# WHAT IS EXPECTED
Pictures should be left out while the data beneath this task is written out word for word.

□ □ □ □

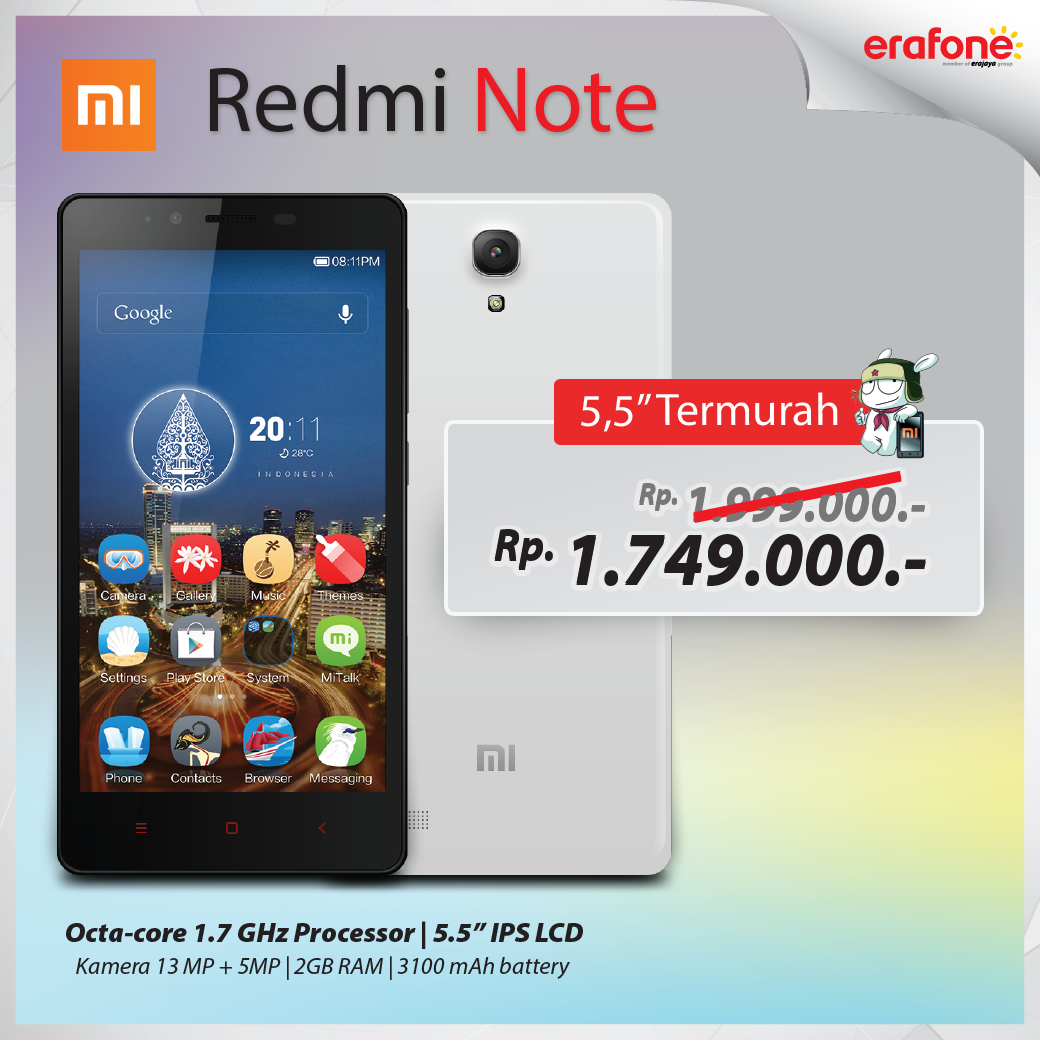 ErafoneStore's tweet photo. Smartphone canggih layar 5,5" dgn harga terjangkau! Dapatkan Xiaomi Redmi Note di store Erafone hanya 1,749 juta. https://t.co/OWUxr1uPsK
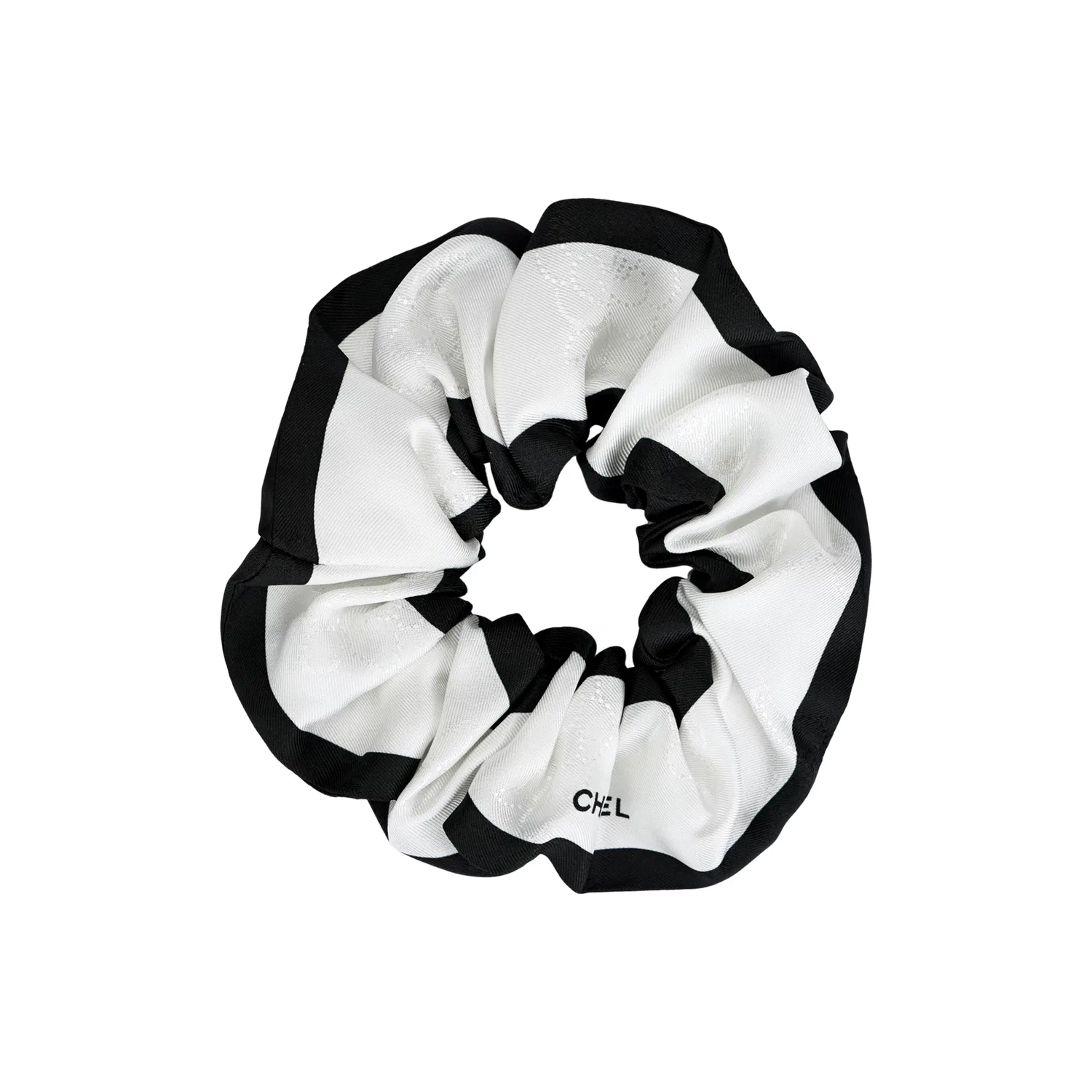 Резинка для волос CHANEL шелковая Ivory/Black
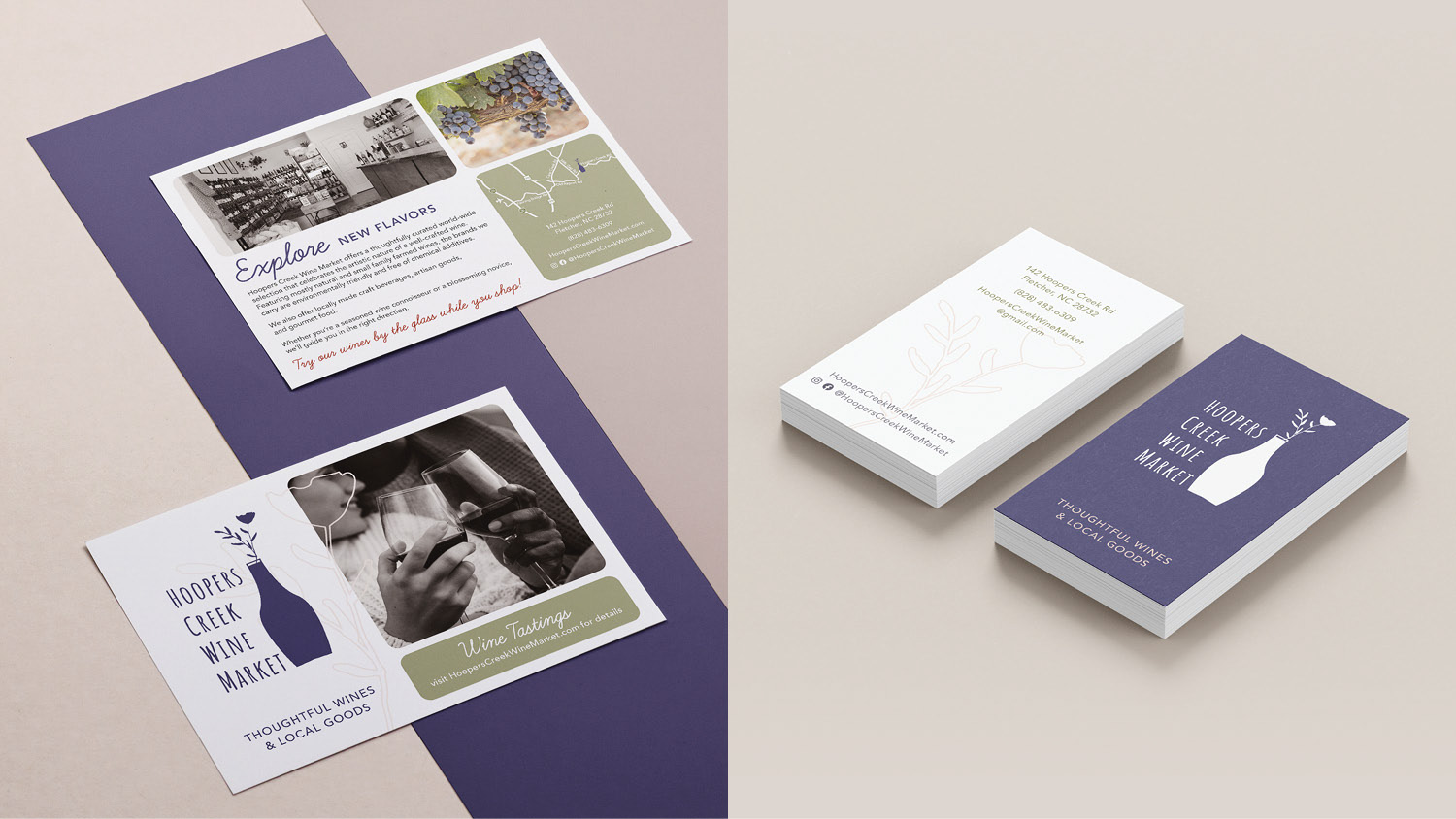 Flyer and Business Cards - Hoopers Creek Wine Market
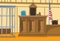Cartoon background of courtroom.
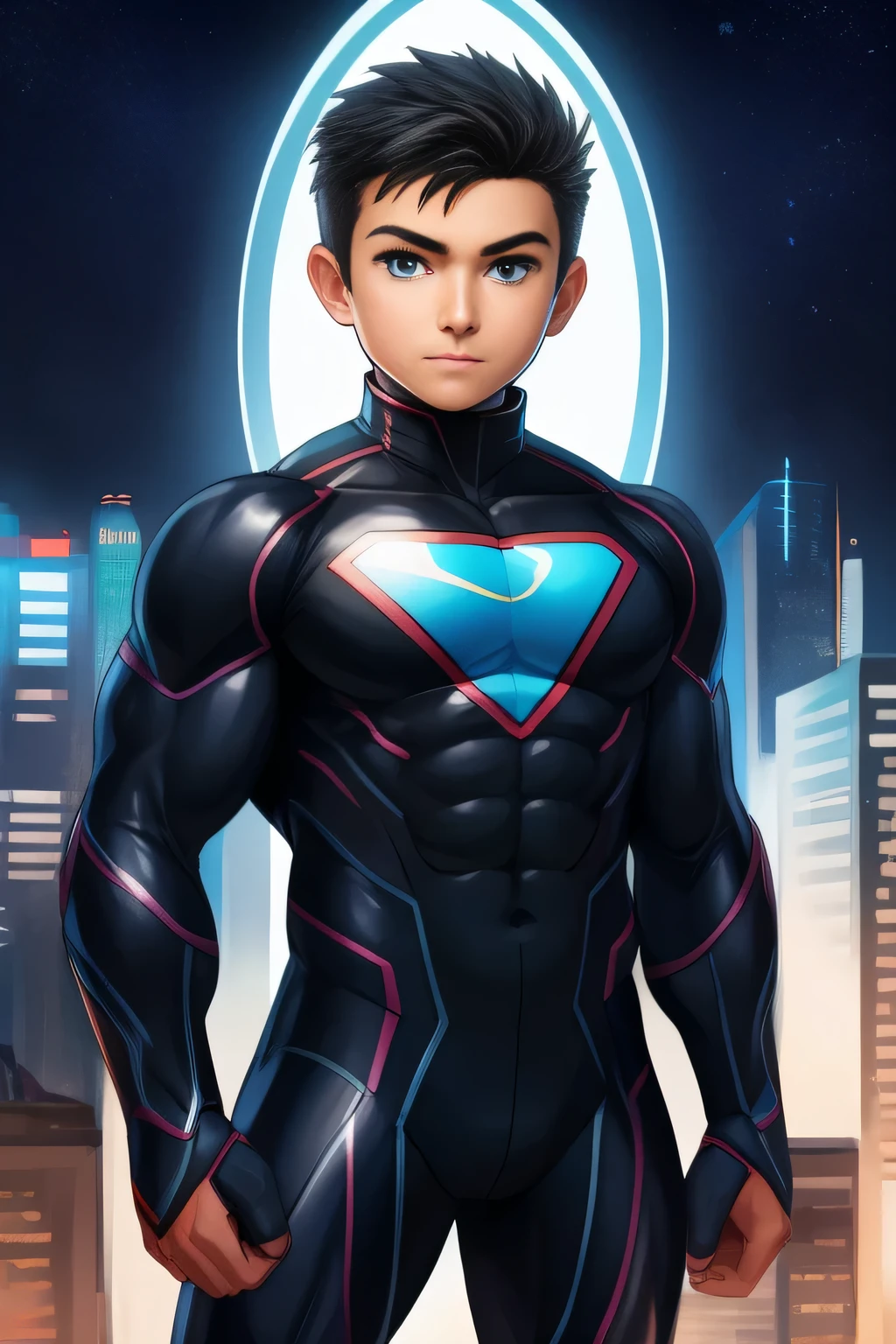 boy, very attractive boy, mexican ethnicity. tan skin, jet black hair, young man, solo, jacked muscle, beautiful musculature, aesthetic striations, inspirational physique, lean muscle, square pecs, beautiful v-taper, great abs and torso, bright bodysuit, standing front, young superhero (young face) ready to fight, top rated pixiv, wears a Bodysuit, very tight bodysuit, chiseled abs, chiseled pecs, with his jet black military haircut and voluminous neck, narrow waist, superhero, white sclera, blue eyes, no horns, brave superhero, human, handsome face, young. City background, skyscraper, futuristic city, night, stars, night lights, skill image, looking to the viewer, hero whose presence inspires trust and respect. (((His hero suit is black and white.)))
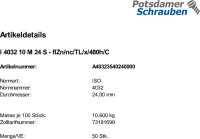 50 Sechskantmuttern ISO 4032 Kl. 10...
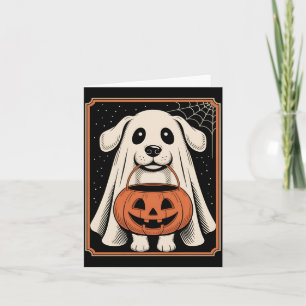 Funny Ghost Dog Halloween Shirt Halloween Dog Long Card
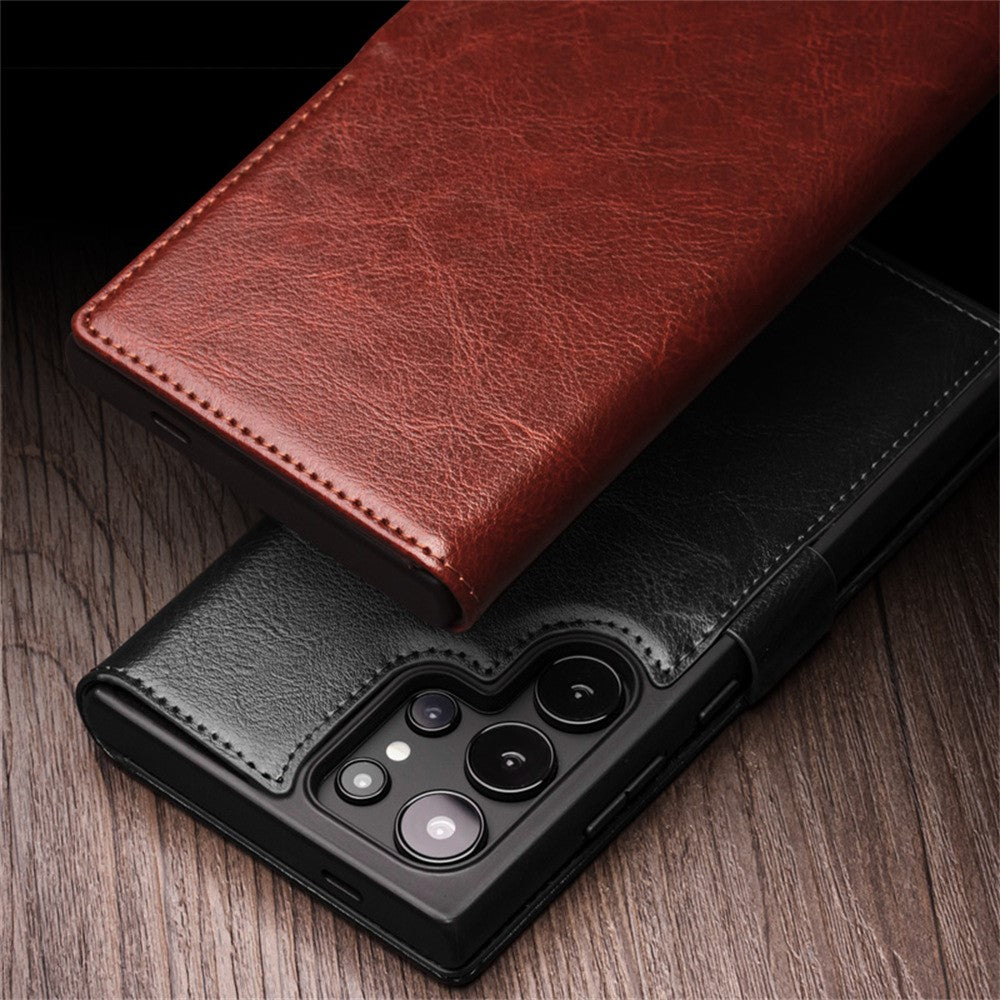 For Samsung Galaxy S25 Ultra Case  Cow Leather Wallet Phone Cover with Magnetic Closure - Black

□ □ □ □

# RESULT OF THIS EXERCISE
 ErafoneStore's tweet photo. Smartphone canggih layar 5,5" dgn harga terjangkau! Dapatkan Xiaomi Redmi Note di store Erafone hanya 1,749 juta. https://t.co/OWUxr1uPsK
 Резинка для волос CHANEL шелковая Ivory/Black
 Flyer and Business Cards - Hoopers Creek Wine Market
Cartoon background of courtroom.
 boy, very attractive boy, mexican ethnicity. tan skin, jet black hair, young man, solo, jacked muscle, beautiful musculature, aesthetic striations, inspirational physique, lean muscle, square pecs, beautiful v-taper, great abs and torso, bright bodysuit, standing front, young superhero (young face) ready to fight, top rated pixiv, wears a Bodysuit, very tight bodysuit, chiseled abs, chiseled pecs, with his jet black military haircut and voluminous neck, narrow waist, superhero, white sclera, blue eyes, no horns, brave superhero, human, handsome face, young. City background, skyscraper, futuristic city, night, stars, night lights, skill image, looking to the viewer, hero whose presence inspires trust and respect. (((His hero suit is black and white.)))
 50 Sechskantmuttern ISO 4032 Kl. 10...
 Funny Ghost Dog Halloween Shirt Halloween Dog Long Card
 For Samsung Galaxy S25 Ultra Case  Cow Leather Wallet Phone Cover with Magnetic Closure - Black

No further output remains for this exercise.